The Starbucks chain should be under pressure. It costs $18 a pound for slavery free fair trade coffee at Starbucks. At a fair trade shop in Winnipeg called 10,000 Villages fair trade coffee sells for $12 a pound. Finally, fair trade organic coffee is sold at The Canadian Superstore for $5.99. Starbucks is creating an opening for its own demise. If they would lower prices and accept lower profits it would help them with market share. As long as people want cookie cutter coffee then they will stay in business.

Lee

Although smashing all competition into dust would send beams of joy through the Starbucks empire, and despite their attempts at putting mom & pop out of business, Taylor Clark's book Starbucked reveals that almost without exception, indy coffee shops increase business when a Starbucks moves in around the corner. He attributes this to a widening of the coffee consuming audience in any particular neighborhood. He claims that noncoffee drinkers are more inclined to start drinking SB, and will eventually end up at the indy shop. Sounds crazy I know, but the numbers he cites paint SB a rather ineffective fly swatter.

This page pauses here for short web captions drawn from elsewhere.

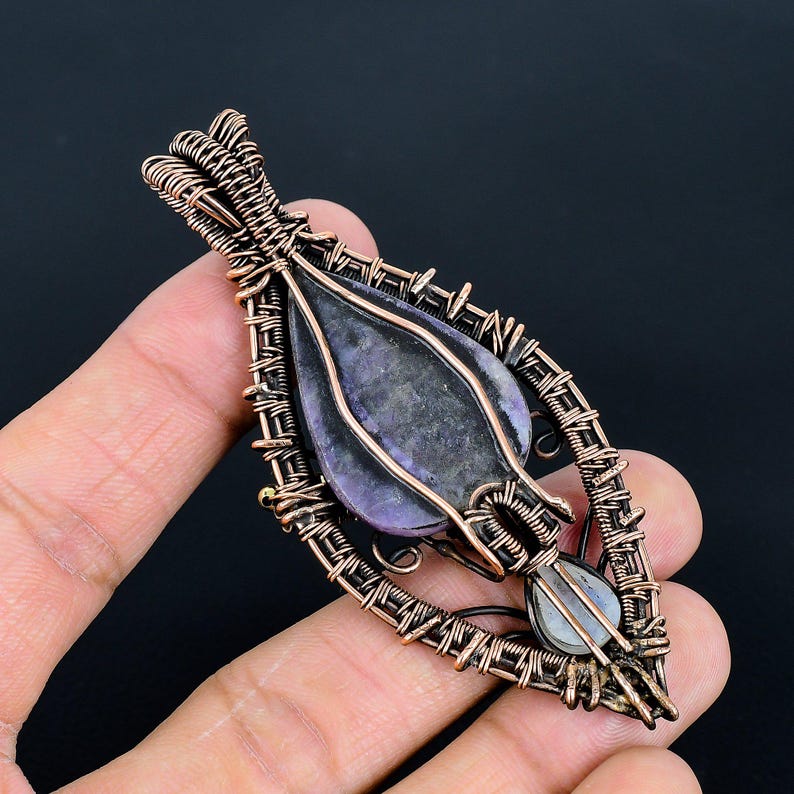May include: A handcrafted copper wire pendant with a teardrop-shaped purple stone and a smaller, light-colored stone at the bottom. The pendant is intricately woven with copper wire, creating a unique, artistic design. The pendant is approximately 2 inches long.
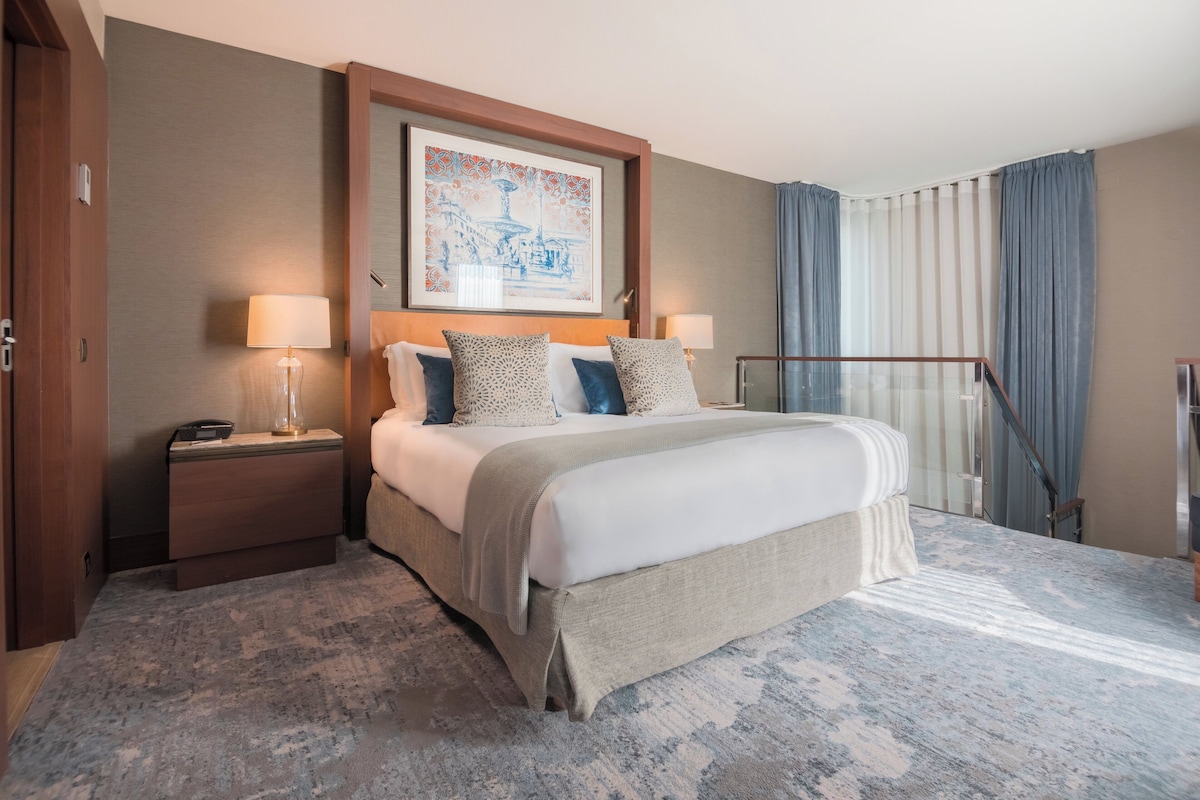 Habitación de hotel con una cama grande, dos mesitas de noche con lámparas, una obra de arte enmarcada sobre la cama, vistas al exterior a través de una ventana con cortinas, y una escalera a la derecha.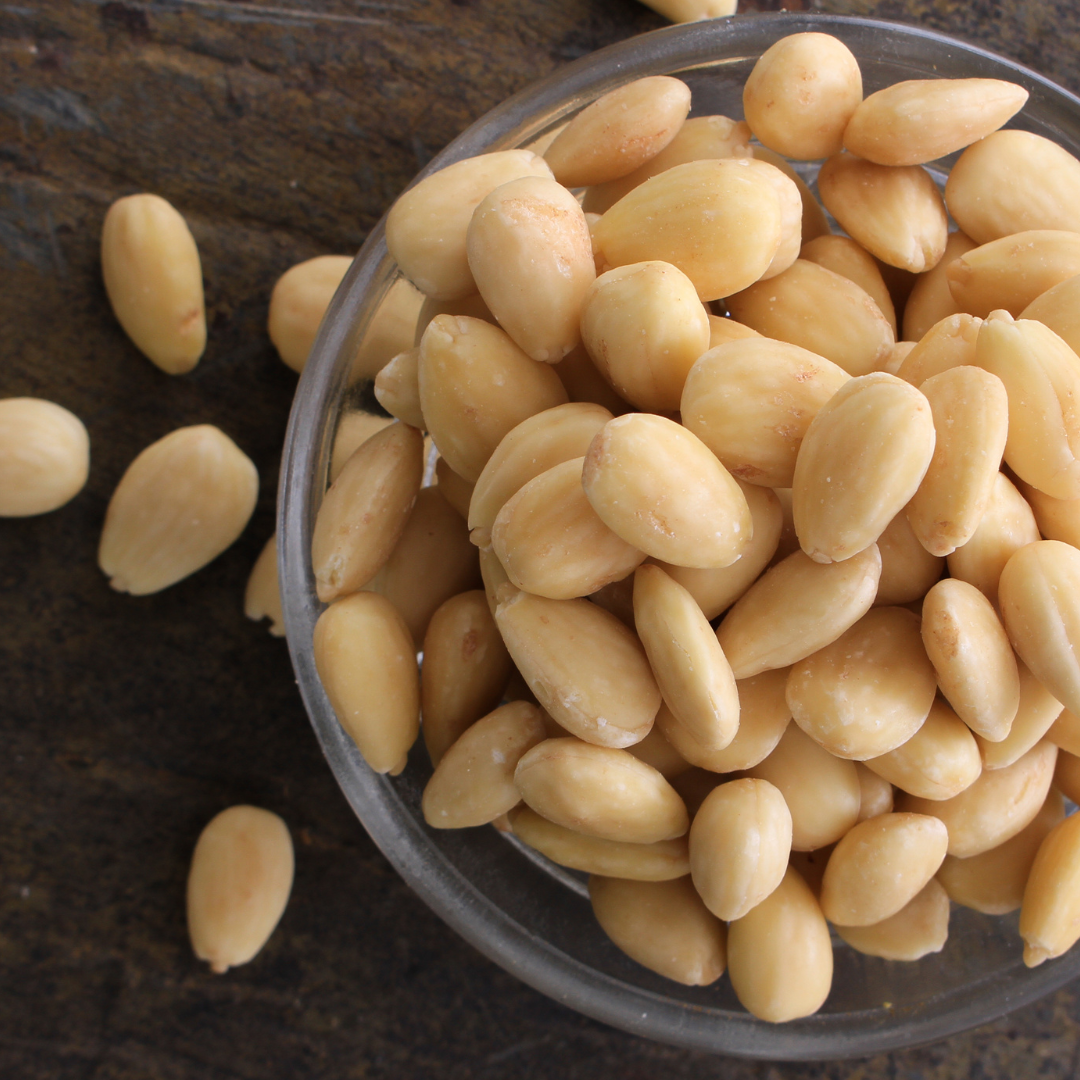 Glass bowl filled with pine nuts on a dark surface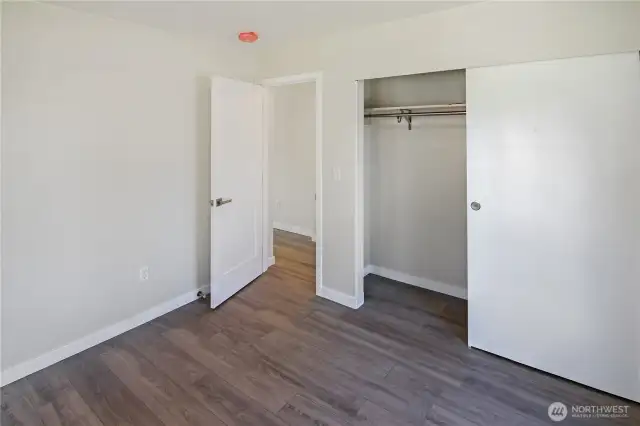 On the main level are two bedrooms and one on the upper level
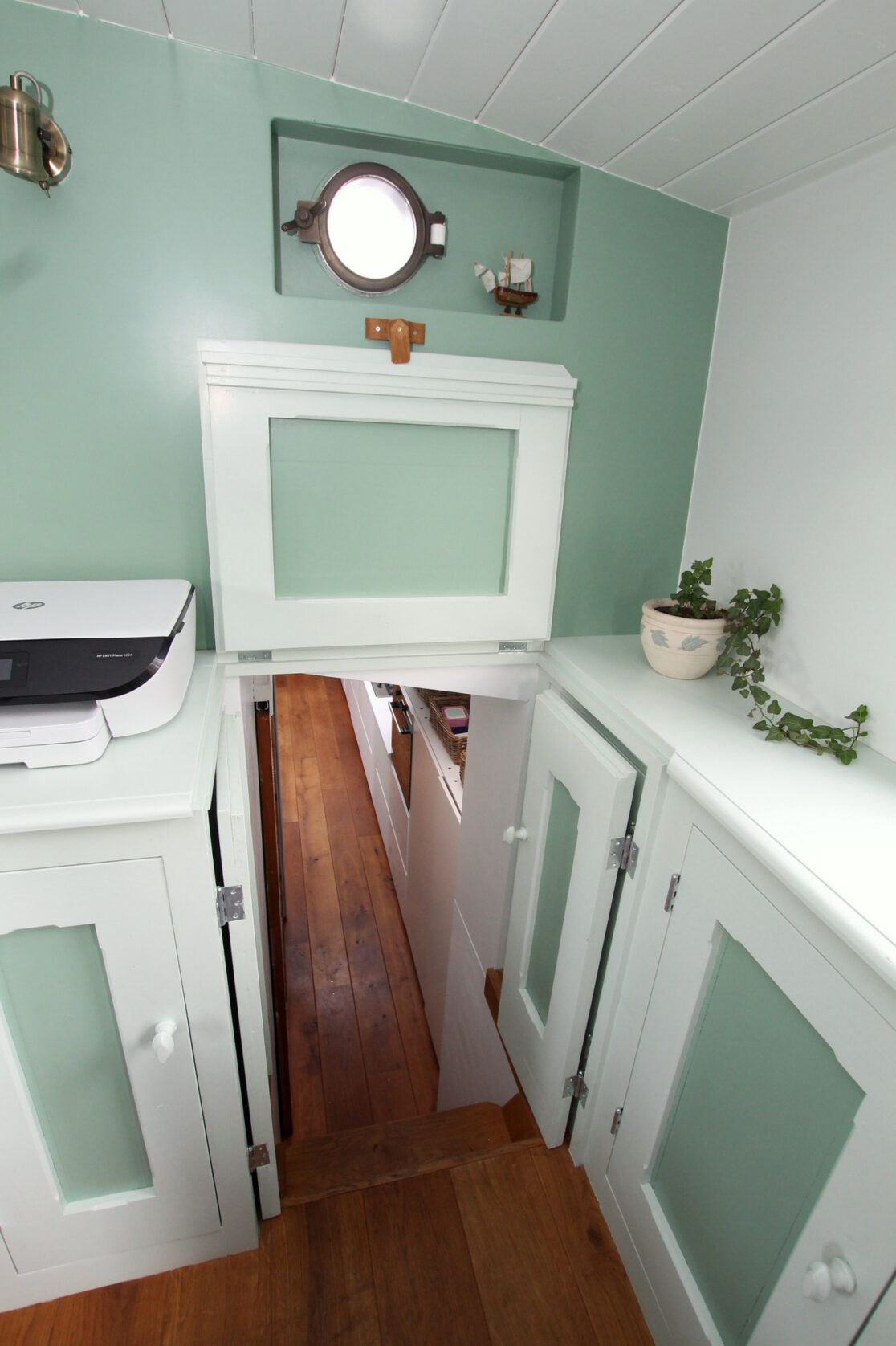 Doorgang in een woonschip met paneelwerk in wit en groen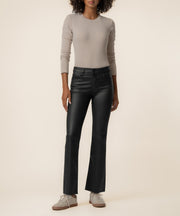 Woman wearing black coated high-rise ankle flare pants with cream long-sleeve top and white lace-up shoes.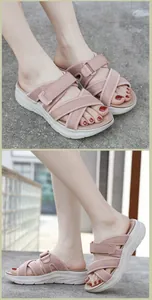 Detail view of pink platform sandals with adjustable hook-and-loop straps and wavy sole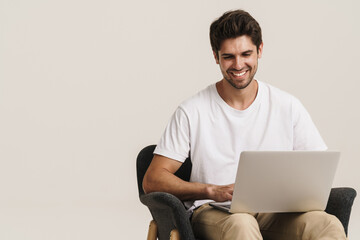 Portrait of laughing man working with laptop while sitting on armchair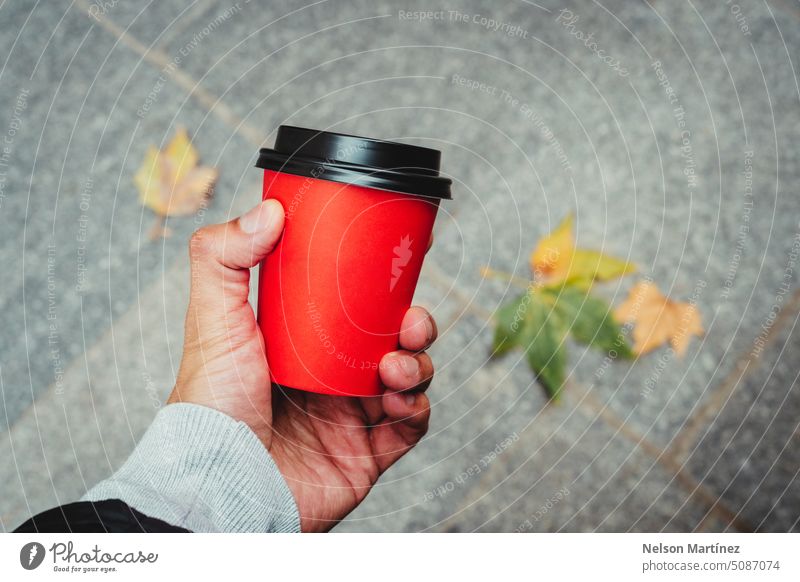 Hand of a man holding a red paper cup coffee and autumn leaves on the background beverage isolated closeup cappuccino drink hand hot drink food mug design male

PS I AM against the homogenization of local culture, and I DO think SB's brew sucks.

John

Interesting the amount of chat generated by coffee, seldom see this much interest in a story about banking or cooporate greed.

Rob

I don't drink in Starbuucks. Mainly for the reason that when I walk down the highstreet in Canterbury and have to do my best to avoid the propaganda shouted from the bottom of the corporate lung, I'm too sick when I eventually walk straight past the front entrance to stomach a cup of coffee. There are now 2 branches of this particular chain in the same stretch of historic street, one of which is right on the cathedral entrance, both accompanied by the signholding sandwich boardwearing lost souls that you sadly now see along the entire length of that same street. Starbucks' business tactics will succeed or fail on the whim of the customer, but I wish I didn't have to hear about it from every street corner.

Erik

Many of you speak of antithis, antithat... whatever. Luis, the employee is right. We are an ignorant culture here in the US to think Sbux was the end all, beall of coffee. I, personally avoid Sbux, no matter which city I travel to. It is so over inflated it makes me sick! I have seen a shot of espresso cost as much as $2 extra in a Sbux, instead of $.25$.50. Or the fact that a Venti contains only 2 shots... you are paying $6 for 20oz of milk and sugary flavors with a hint of stale coffee. I think it's about time Sbux suffers a bit. Hurray for the independents taking a stand to bring good coffee and pastries to the communities. I work at a very large corporation, the largest of it's kind in the world, so believe me I understand the corporate ways. But when a company like Sbux allows their product to suffer to much it's just sad, and inflating prices should be penalized! Lastly, the rest of the world caught onto the Sbux craze because the US did. The ongoing ego of the US trying to impose itself on the rest of the world is overly evident in this growth. Again, hurray to the other companies not letting Sbux buy out their properties! I have seen it happen! My favorite chains losing out to bids to Starbucks because Sbux has the money to offer more than the other. Anyway... go drink GOOD coffee, people! Not Starbucks.

Ben

Don't blame the corporation for the success of Starbucks, if people didnt MIND going to a coffee shop that is replicated all over the world, then Starbucks would be out of business. Or it might still be an indie shop in Seattle remember that it once was.

luis

just a little note for andrea, the girl who didn't get soy milk at starbucks. safety is the reason. soy is one of the big alergens and must be avoided in products that aren't labeled such as a cup of coffee.

Mark Stock

Each day I indulge myself with a cup of coffee. In the morning, I turn on a little espresso machine. I grind fair trade organic beans. I tamp the fresh grounds. I put the coffee holder containing the grind into the machine, flip a switch and wait while espresso pours out and creates a crema on the top of the coffee. To the espresso I add a bit of dairy cream which makes it an Americano type coffee.